A Small Sample-Based Multiclass Change Detection Method Using Change Vector Analysis With Adaptive Weight Gaussian Mixture Model
Fachuan He, Hao Chen, Shuting Yang, Zhixiang Guo
Abstract
Addressing the challenge of multi-class change detection with a small sample size, a change vector analysis with adaptive weight Gaussian mixture model (CVA-AWGMM) is proposed in this article. Initially, in order to avoid errors caused by geometric distortion and imprecise alignment, we employed a neighborhood search approach when calculating the different map. Instead of direct pixel-to-pixel comparisons, we compensated corresponding pixels in the images before and after the change by finding the minimum difference within a specified pixel range.
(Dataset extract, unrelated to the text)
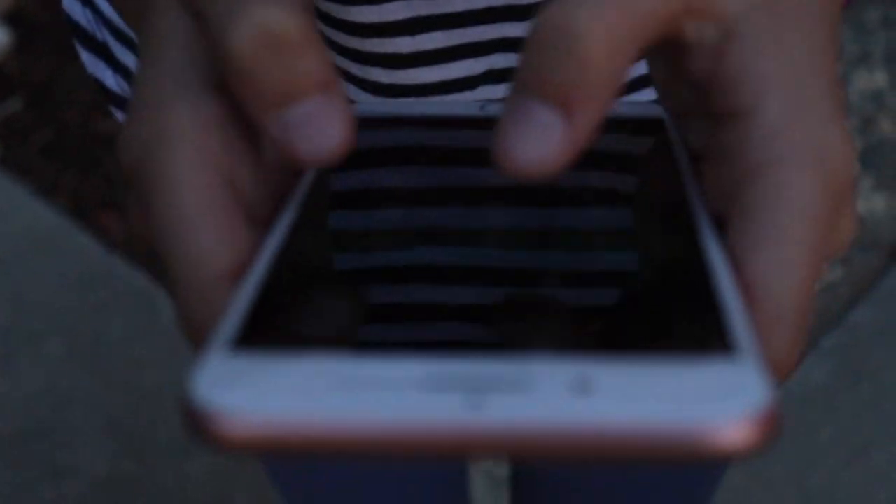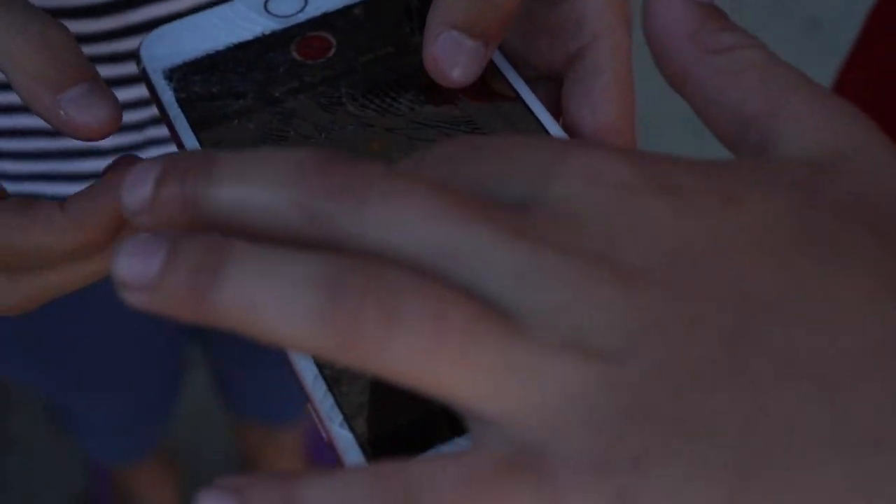The touch screen still works and everything. Of course it does! But look at that — the cracks are deep. You can feel it. Make sure it doesn't scratch you though. Yeah, this looks really cool. That's a lot of cracks. Okay, let's do a hammer shatter!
Following this, we employ the fundamental framework of CVA to extract magnitude and angle features from the change vectors, facilitating the identification of both changed and unchanged regions through threshold segmentation. Based on the above binary change detection result, a semi-supervised Gaussian mixture model is used for further change class differentiation. Recognizing the inherent challenges of effectively training classifier model with a small sample size, the clustering features in a large number of unlabeled samples and the supervised information from a few labeled samples are simultaneously utilized to co-construct the objective function of the model. Meanwhile, considering the complementary properties of magnitude and angle features, the labeled samples are used to adaptively weight the features of both to further improve the accuracy of the method. Experiments were conducted on two public data sets and one self-made data set, and the results demonstrate that the proposed CVA-AWGMM outperforms several typical methods.